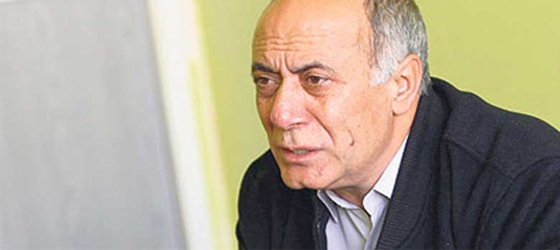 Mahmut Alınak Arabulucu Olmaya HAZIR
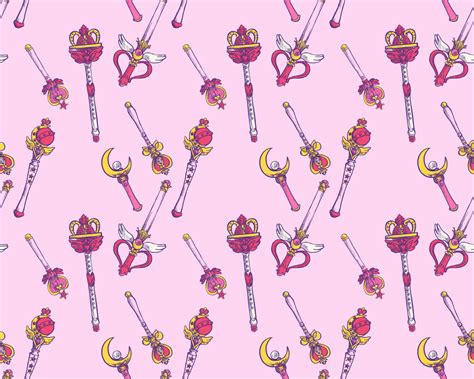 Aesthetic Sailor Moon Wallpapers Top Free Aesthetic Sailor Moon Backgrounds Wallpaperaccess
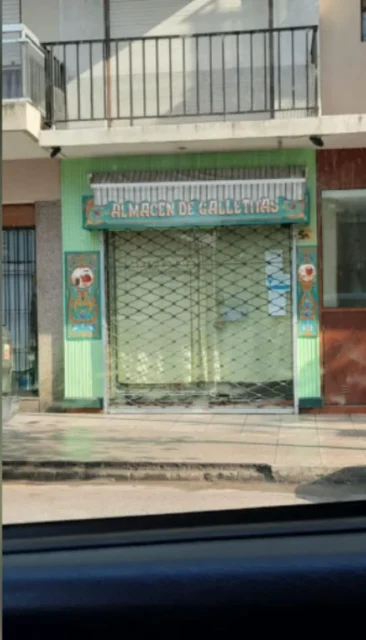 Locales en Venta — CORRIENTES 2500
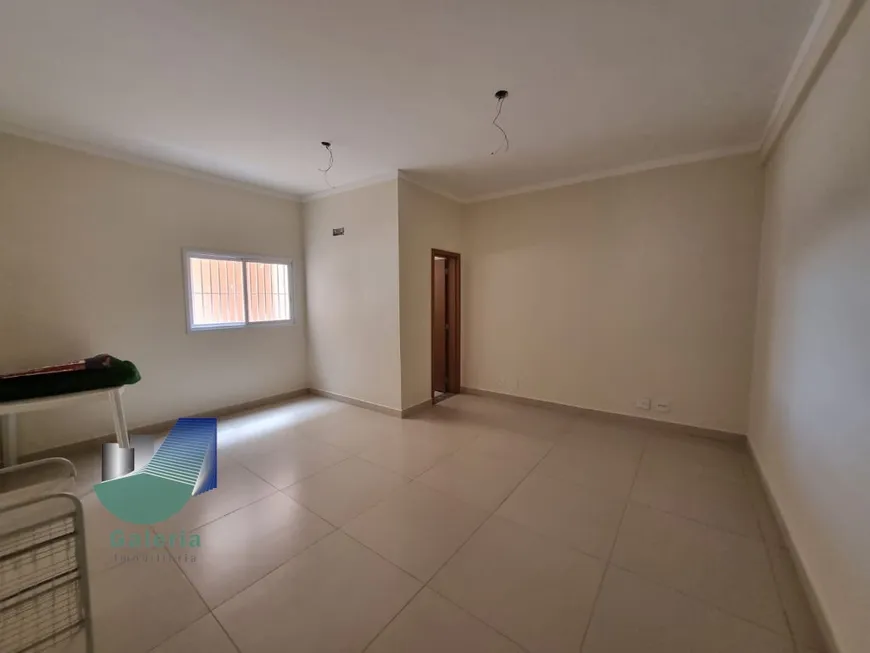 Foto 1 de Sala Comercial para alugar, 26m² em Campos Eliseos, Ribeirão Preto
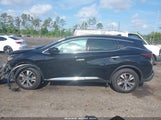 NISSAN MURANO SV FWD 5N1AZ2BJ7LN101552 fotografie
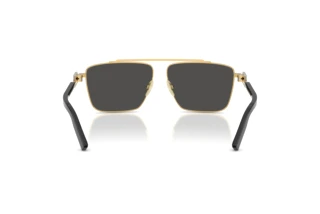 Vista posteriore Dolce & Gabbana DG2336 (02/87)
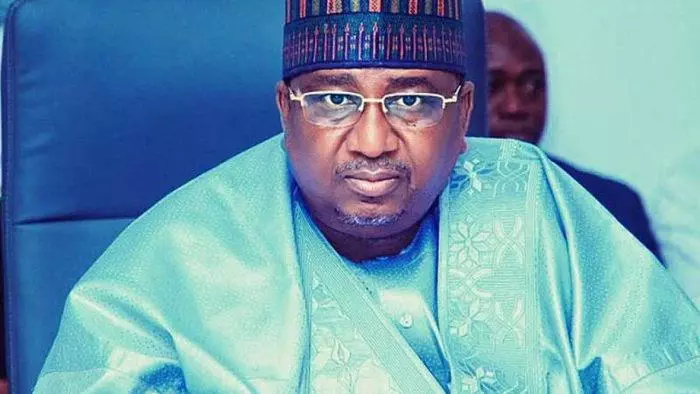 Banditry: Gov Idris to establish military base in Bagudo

==*==

# What to do
Transcribe every entry exactly, omitting pictures.

# Task response
 Mahmut Alınak Arabulucu Olmaya HAZIR
 Aesthetic Sailor Moon Wallpapers Top Free Aesthetic Sailor Moon Backgrounds Wallpaperaccess
 Locales en Venta — CORRIENTES 2500
 Foto 1 de Sala Comercial para alugar, 26m² em Campos Eliseos, Ribeirão Preto
 NISSAN MURANO SV FWD 5N1AZ2BJ7LN101552 fotografie
 Vista posteriore Dolce & Gabbana DG2336 (02/87)
 Banditry: Gov Idris to establish military base in Bagudo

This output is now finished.